[Image-caption web data]
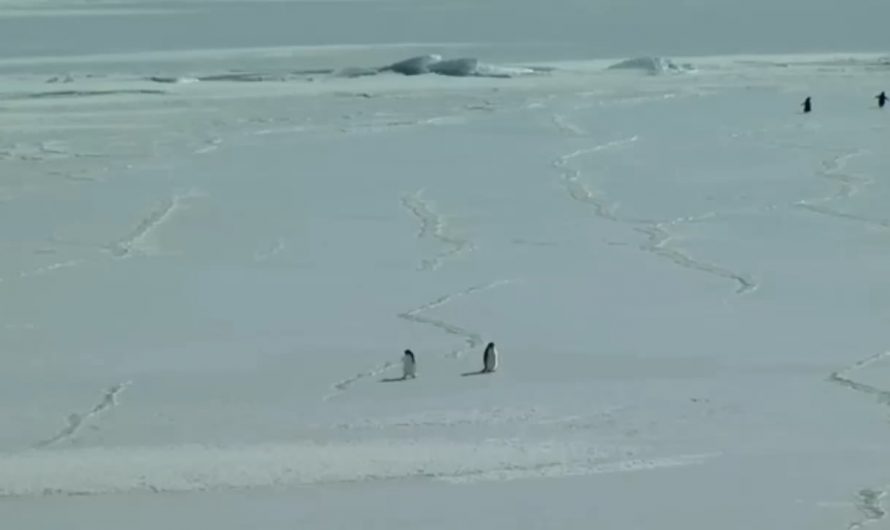 Disoriented or deranged penguin wanders off into the Antarctic interior. With more than 5000 kilometers ahead, he is heading towards certain death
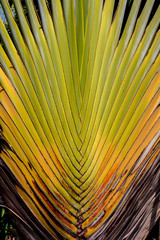 green leaf background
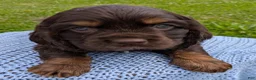Cocker Spaniel dogs for sale: Yeller - Ad 2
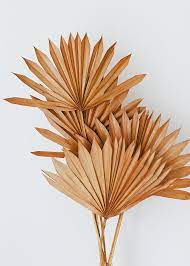 Pack Of 5 Terracotta Orange Sun Palms Leaf Decor Dried Flowers Palm Leaves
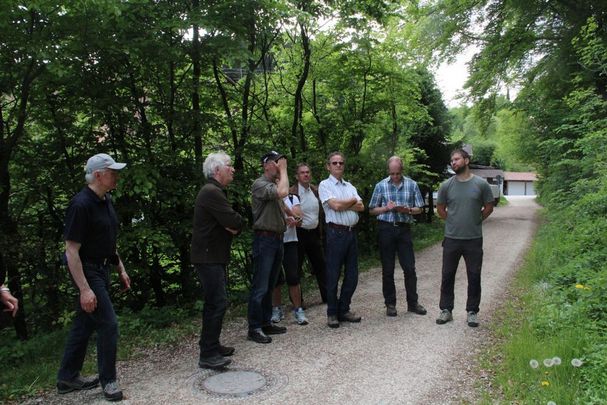 Teilnehmer einer Exkursion besichtigen den Leitenwald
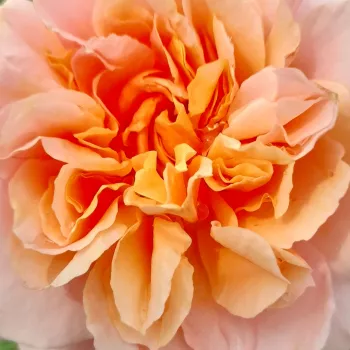 Comanda trandafiri online - roz - Trandafiri nostalgici  - Versigny™ - trandafir cu parfum discret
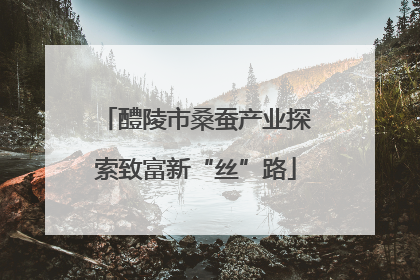 醴陵市桑蚕产业探索致富新“丝”路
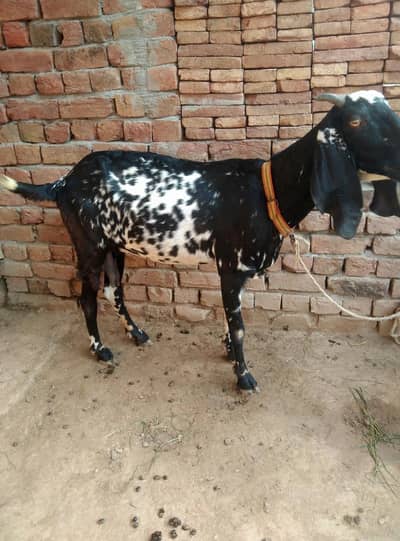makkhi chini khubsurat bakri sehatmand bakri 03027193810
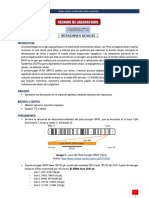 Sesion 13 - Practica 11. Mutaciones Genicas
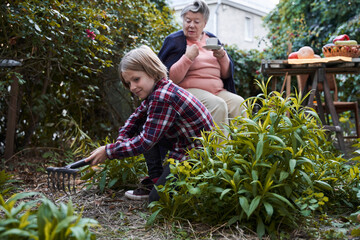 Little boy using a rake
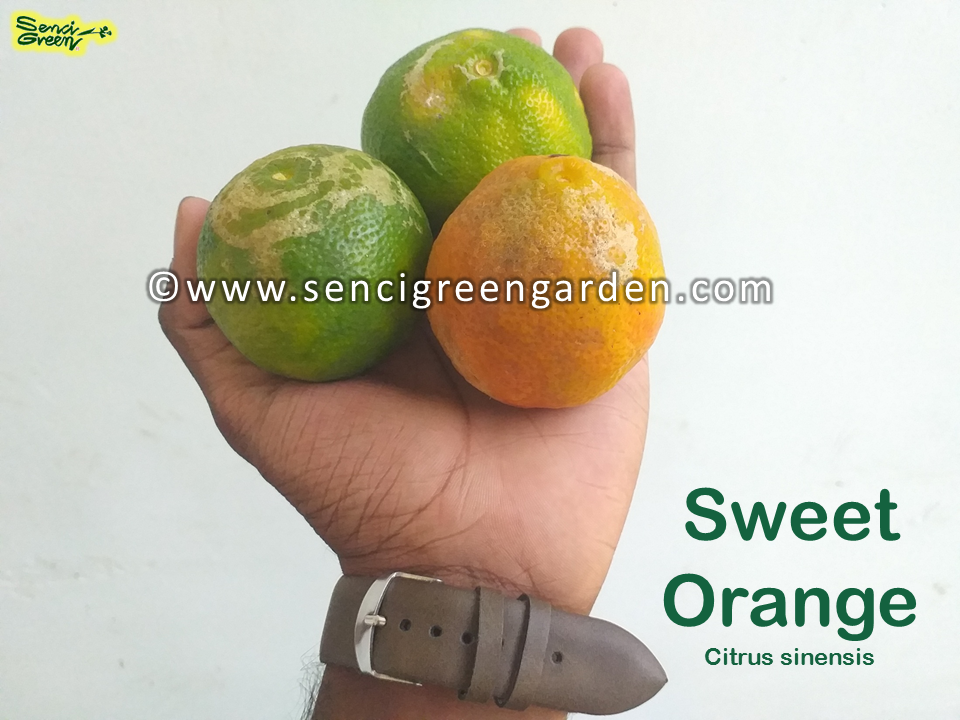 Sweet Orange Seeds (Citrus sinensis) x25 Seeds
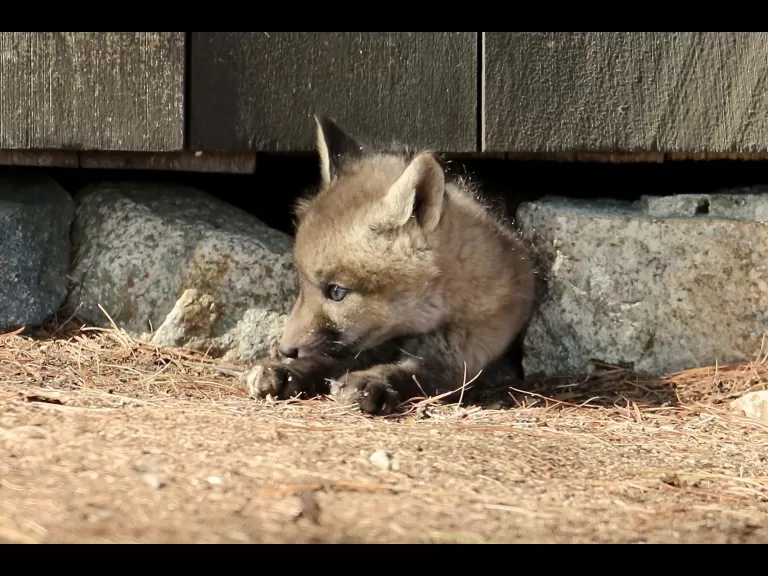 Red foxes in Sudbury, photographed by Russ Place.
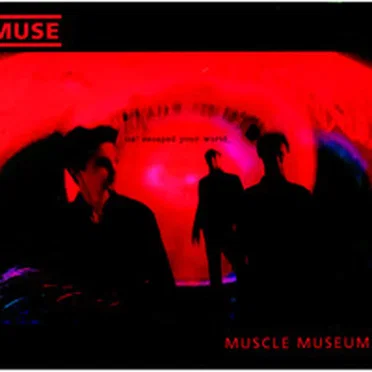 Muscle Museum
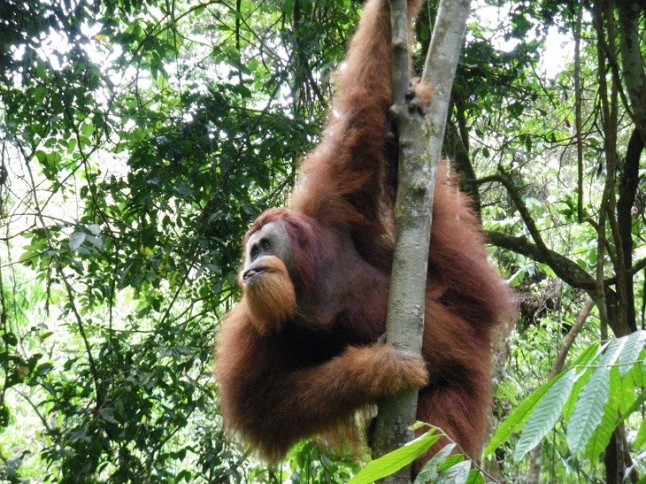 Polémica a cuenta del premio FAD de arquitectura entregado a las Instalaciones de los orangutanes del Zoo de Barcelona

→ Exercise directions
Leaving images out, please output every line of the data exactly.

→ Exercise result
 Disoriented or deranged penguin wanders off into the Antarctic interior. With more than 5000 kilometers ahead, he is heading towards certain death
 green leaf background
Cocker Spaniel dogs for sale: Yeller - Ad 2
 Pack Of 5 Terracotta Orange Sun Palms Leaf Decor Dried Flowers Palm Leaves
 Teilnehmer einer Exkursion besichtigen den Leitenwald
 Comanda trandafiri online - roz - Trandafiri nostalgici  - Versigny™ - trandafir cu parfum discret
 醴陵市桑蚕产业探索致富新“丝”路
makkhi chini khubsurat bakri sehatmand bakri 03027193810
 Sesion 13 - Practica 11. Mutaciones Genicas
 Little boy using a rake
 Sweet Orange Seeds (Citrus sinensis) x25 Seeds
 Red foxes in Sudbury, photographed by Russ Place.
 Muscle Museum
 Polémica a cuenta del premio FAD de arquitectura entregado a las Instalaciones de los orangutanes del Zoo de Barcelona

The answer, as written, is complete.